DIRECTIONS: Look through the data below for the line with "[图]一个人表面对你再好，若" and the line with "望溪全集 卷16-18 1851 PDF电子版封面", then output those two and all lines in between, exactly as written.

EXTRACTED INFORMATION:
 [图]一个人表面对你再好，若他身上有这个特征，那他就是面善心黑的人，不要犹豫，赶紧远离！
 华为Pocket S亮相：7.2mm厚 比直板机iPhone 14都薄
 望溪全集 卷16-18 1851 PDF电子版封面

---

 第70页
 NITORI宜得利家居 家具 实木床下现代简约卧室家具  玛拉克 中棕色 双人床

ANSWER TO THIS EXERCISE:
 [图]一个人表面对你再好，若他身上有这个特征，那他就是面善心黑的人，不要犹豫，赶紧远离！
 华为Pocket S亮相：7.2mm厚 比直板机iPhone 14都薄
 望溪全集 卷16-18 1851 PDF电子版封面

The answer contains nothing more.